= Rudolf Brucci =

Croatian composer

Rudolf Brucci (Bruči) (March 30, 1917 – October 30, 2002), was a composer of Croatian and Italian origin, born in Zagreb. He was married to Yugoslavian opera singer, Olga Brucci.

He began his artistic life playing viola in various orchestras, ranging from the cabaret to the symphonic. After moving to Belgrade, at the age of 30 he began his music studies as the only student of the composer Petar Bingulac, who was a student of the French composer Vincent d'Indy. In 1953, he took composition lessons with the Viennese composer Alfred Uhl at the Vienna Music Academy.

A crucial moment in his work was winning first prize at the Queen Elisabeth Music Competition for composers in Brussels in 1965 with his symphony Lesta. This prize was won in competition with 250 other composers from 26 countries.

In the 1970s, Brucci improved the Academy of Arts in Novi Sad, where he was the first dean, an academy with best music department in ex-Yugoslavia. He was one of the most important composers of Novi Sad, he urged the building of the new opera house there, the Serbian National Theatre. He was one of the founders of Vojvodina Academy of Arts and Sciences, Philharmonic and Music High School.

In the centre of his compositional work was the symphony orchestra. He wrote four symphonies, Symphony No. 1 (1951), Sinfonia lesta (1965), and two Third Symphonies, from 1969 and 1974. Other orchestral works include the symphonic poem Maskal, Metamorfosis B–A–C–H for strings, the ballets Katarina Izmailova, Golden Demon, and Circa, the cantata Vojvodina (text by Miroslav Antić), and two operas, Prometheus and Gilgamesh.

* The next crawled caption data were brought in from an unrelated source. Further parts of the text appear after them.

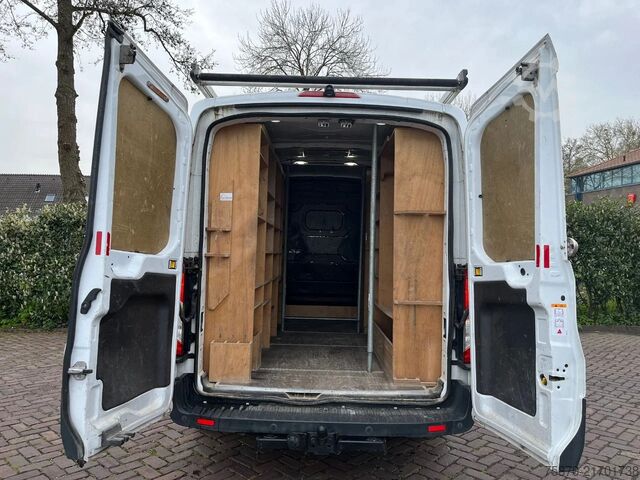 Varebil med dobbeltkabine Ford Transit FCD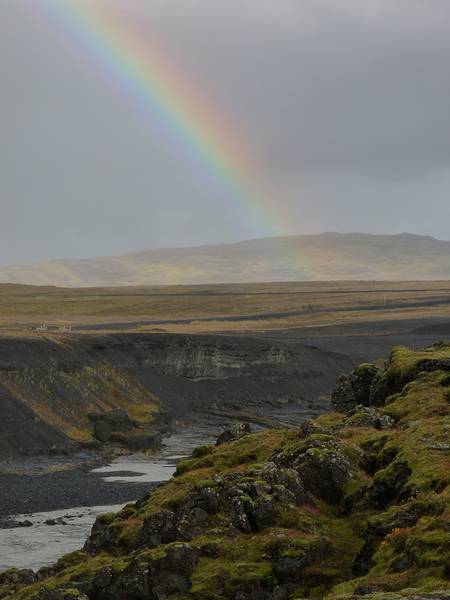 Regenbogen über einem in ältere Lavaströme gehauenen Flusstal in der Nähe von Hrauneyjalón, der Südgrenze des isländischen Hochlandes (12. September 2014) (Photo: Ingrid)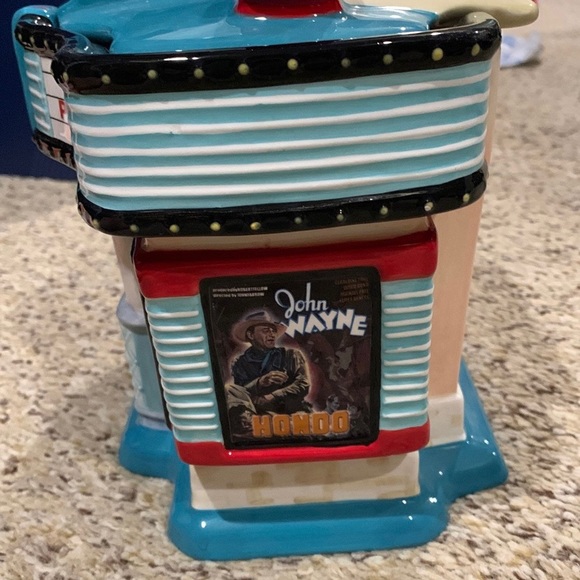 Box office theatre collectible cookie jar - Picture 3 of 6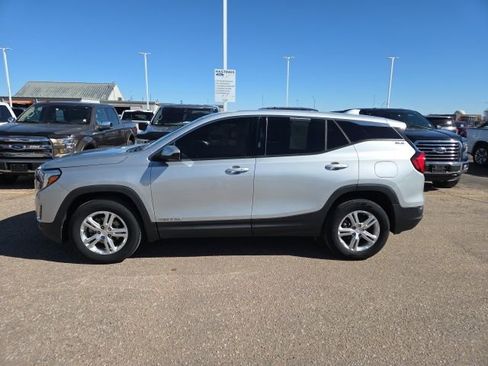 Used 2018 GMC Terrain SLE image 2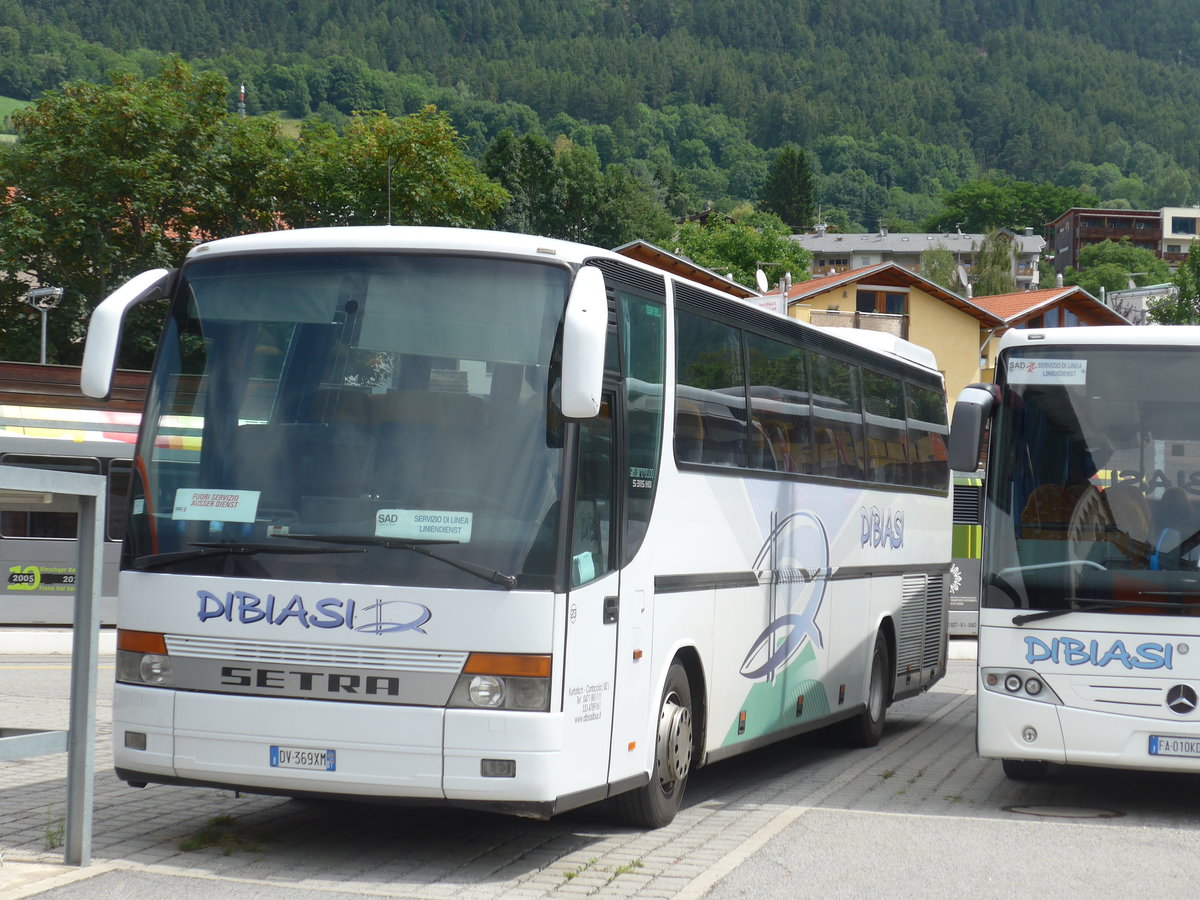 (173'301) - Dibiasi, Kurtatsch - Nr. 23/DV-369 XM - Setra am 24. Juli 2016 beim Bahnhof Mals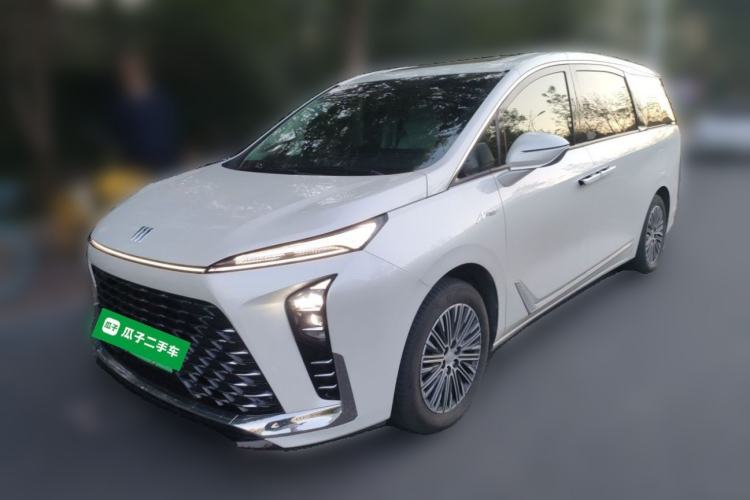 Buick GL8 New Energy 2024 Lu Zun Deluxe Edition 7-Seater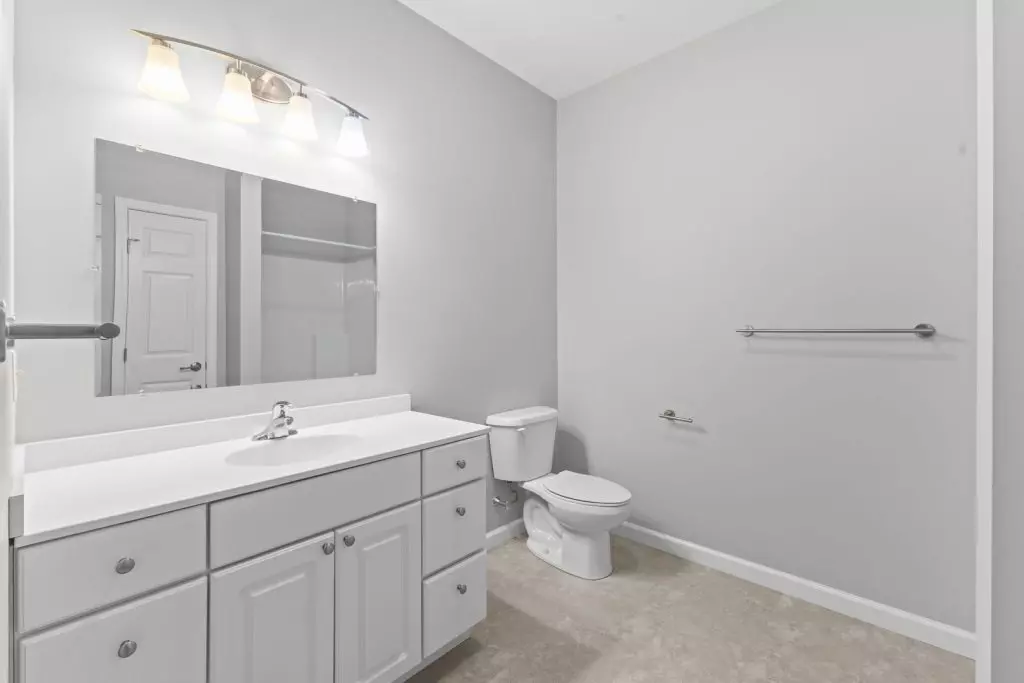 Available Now – Modern 2 Bedroom, 2 Bathroom Apartment in Essex, VT – Heat & Hot Water Included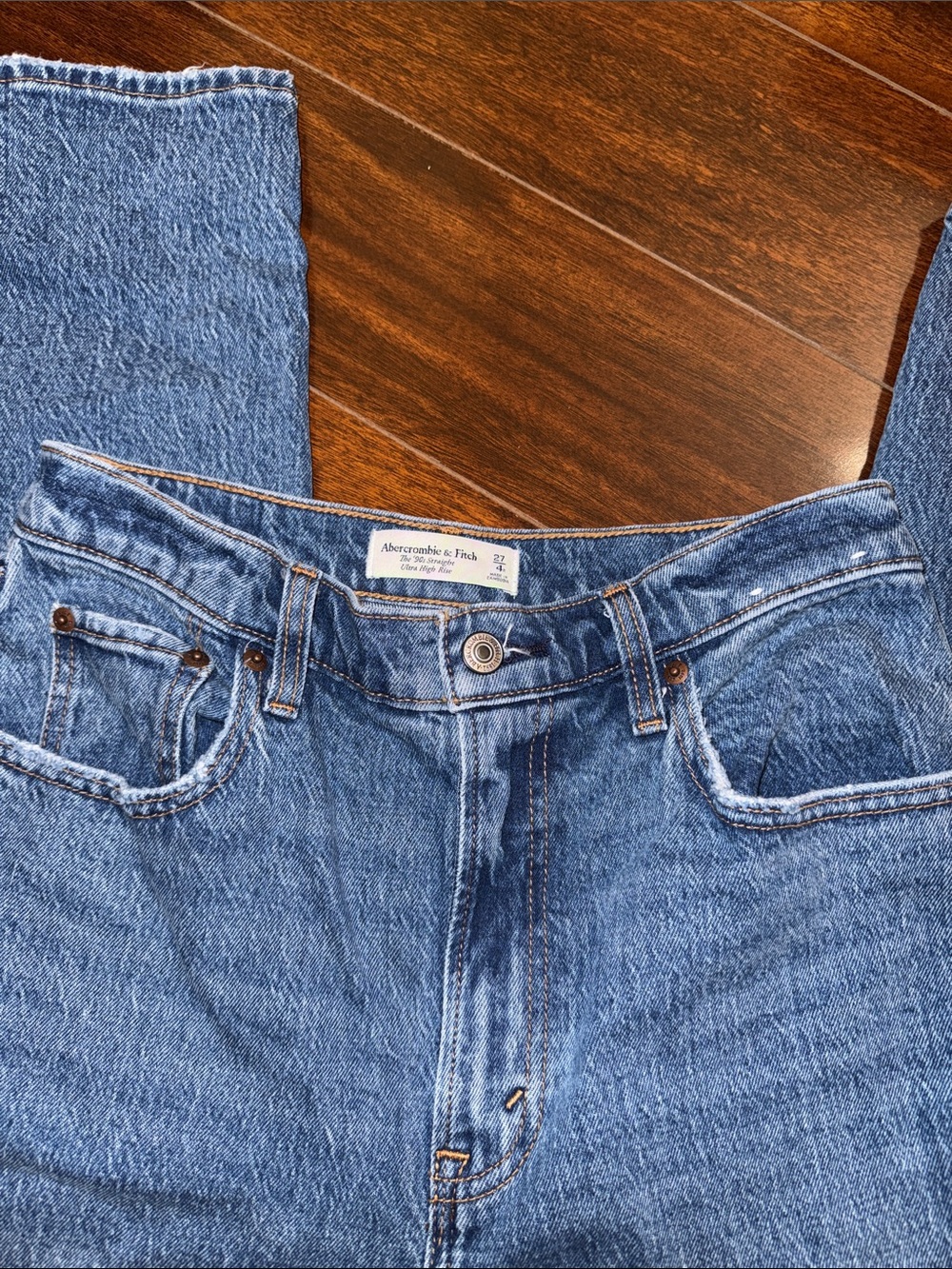 Abercrombie & Fitch 90s Straight Ultra High-Rise Leg Jeans - Picture 2 of 3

Brucci's style is basically conventional, but he attempted to incorporate new ideas, such as bitonality, polytonality, and atonality. On occasion he employed serial techniques, but never completely or strictly. His use of such devices was always thoughtful, and often propelled by a strong rhythmic energy and brilliant orchestration.

He died in Novi Sad on October 30, 2002, at the age of 85.